Chapter
# 5  Review Problem
 A machine
used to regulate the amount of dye dispensed for mixing shades of paint
can be set so that it discharges an average of μ milliliters of dye per
can of paint. The amount of dye discharged is known to have a normal
distribution with a standard deviation of .6 milliliter. If more than 9
milliliters of dye are discharged when making a particular shade of gray
paint, the shade is unacceptable. Determine the setting for μ so that
only 2 percent of the cans of paint will be unacceptable.
 A
physical fitness association is including the mile run in their
secondary school fitness test for boys. The time for this event for boys
is approximately normally distributed with a mean of 428 seconds and a
standard deviation of 30 seconds. If the association wants to designate
the fastest 5% as "excellent", what time should the association set for
this criterion?
 The board
of examiners that administers the real estate broker's examination in a
certain state found that the mean score on the test was 485 and the
standard deviation was 88. If the board wants set the passing score so
that only the best 20% of all applicants pass, what is the passing
score? Assume the scores are normally distributed.
 The
distribution of the demand (in number of units per unit time) for a
product can often be approximated by a normal probability distribution.

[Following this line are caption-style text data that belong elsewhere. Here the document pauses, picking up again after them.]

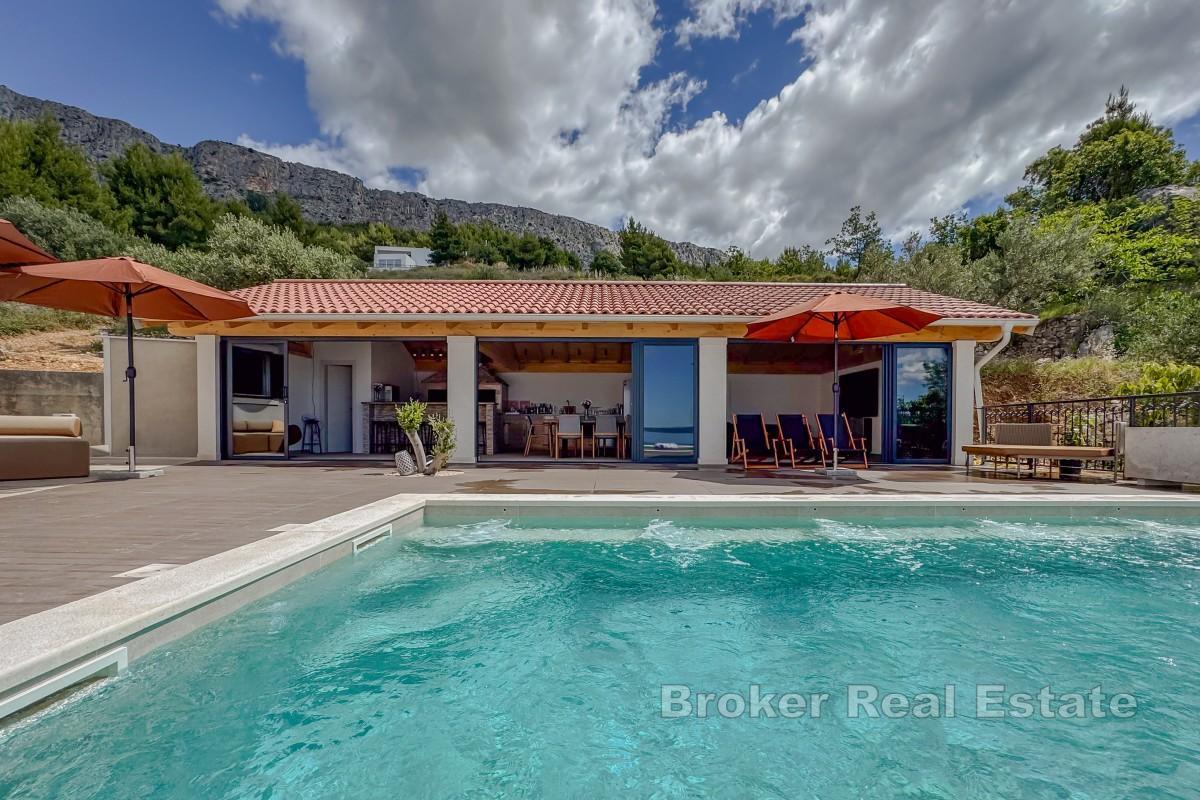 Ampia villa con piscina e vista panoramica sul mare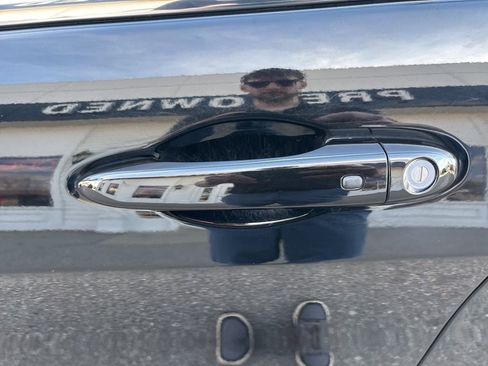 Used 2021 Jeep Cherokee Limited image 14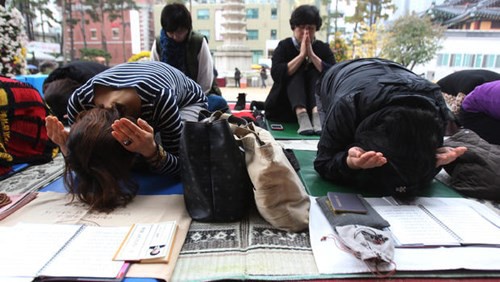 Bạn sẽ chẳng than vãn thi cử áp lực nữa nếu biết học sinh ở những quốc gia này còn phải trải qua kỳ thi khốc liệt hơn nhiều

For example, a bakery has determined that the number of loaves of its
whole wheat bread demanded daily has a normal distribution with a mean
of 5800 loaves and a standard deviation of 250 loaves. Based on cost
considerations the company has decided that its best strategy is to
produce a sufficient number of loaves so that it will fully supply
demand on 97% of all days.
 How
many loaves of bread should the company produce?
 Based
on the production in the previous part, on what percentage of days
will the company be left with more than 400 loaves of unsold bread?
5. To
check the effectiveness of a new production process, 1000 photoflash
devices were randomly selected from a large number that had been
produced. If the process actually produces 8% defectives, what is the
probability that more than 75 defectives appear in the sample of 1000?
6. This
past year, an elementary school began using a new method to teach
arithmetic to first graders. A standardized test, administered at the
end of the end of the year, was used to measure the effectiveness of the
new method. The distribution of past scores on the standardized test
produced a mean of 71 with a standard deviation of 16. If the new method
is no different from the old method, what is the probability that the
mean score of a random sample of 60 students will be greater than 75?